According to the provision 24/I/b of the Labor Code; ‘’.. If the employer or another worker, whom the worker meets closely and directly, is infected with an infectious or incompatible disease with the worker’s work…”the worker may terminate the employment contract for the right reason. The important thing to note is that the workers are constantly in close and direct contact. In this case, the worker will be entitled to Severance. In this case, the employee will not be able to make any credit claims regarding the Notice Compensation.
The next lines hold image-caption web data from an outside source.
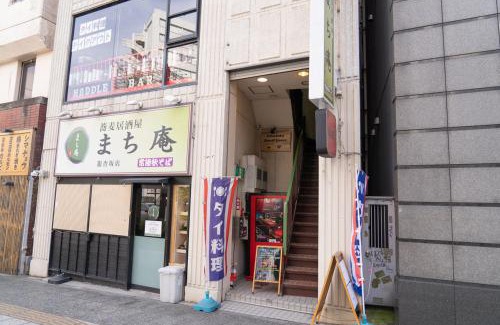 Mito Casa | いちょう坂ゲストハウス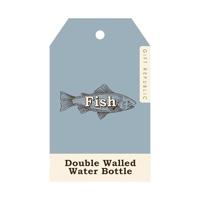 Gift Republic Waterfles - Multi Vis - thumbnail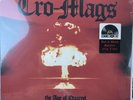CRO-MAGS - THE AGE OF QUARREL LP RSD 2021 180GM RED & BLACK - Ships Same Day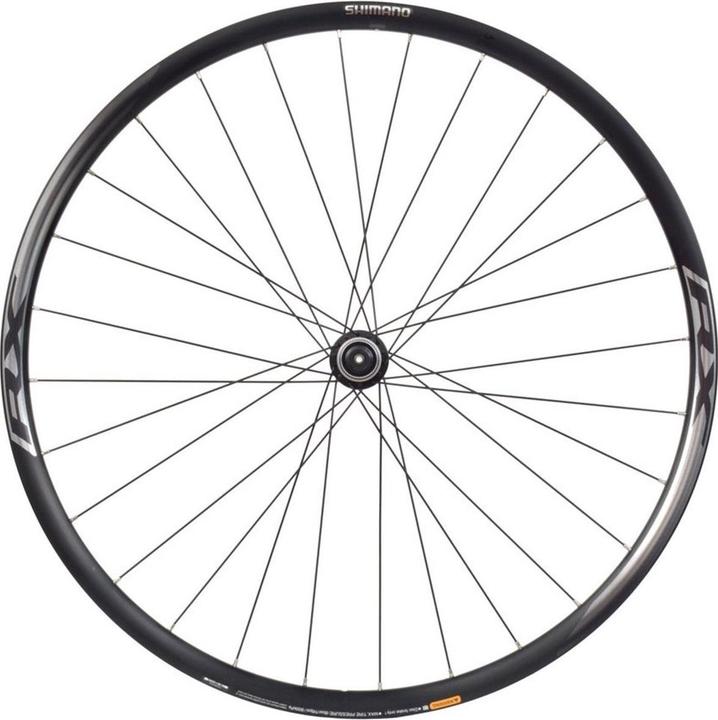 Image du produit Shimano Roue avant route WH-RX010 CL 28 (Roue avant, 28")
  • Evaluation of Coronavirus Disease in Terms of Occupational Accident

In established Supreme Court Decisions; epidemic diseases are considered to be occupational accidents provided that they are within the boundaries of the workplace. However, this situation should be interpreted according to the situation and conditions of each concrete event and a conclusion should be reached. As a matter of fact, the 21st Law Office of the Supreme Court of Cassation has accepted H1N1 virus as an occupational accident in the case of the truck driver who contracted H1N1 virus on 15.04.2019 and 2018/5018 Esas, 2019/2931 Decision No. In this case, the employer may have an obligation of financial and moral compensation. During the performance of the duties of the personnel who will work within the scope of remote work, work-related accidents can also be considered as work accidents. Therefore, it is very important for employers to inform employees about this issue. Although it is generally considered an occupational accident, each incident should be evaluated according to the conditions and conditions and decisions should be made within the conditions.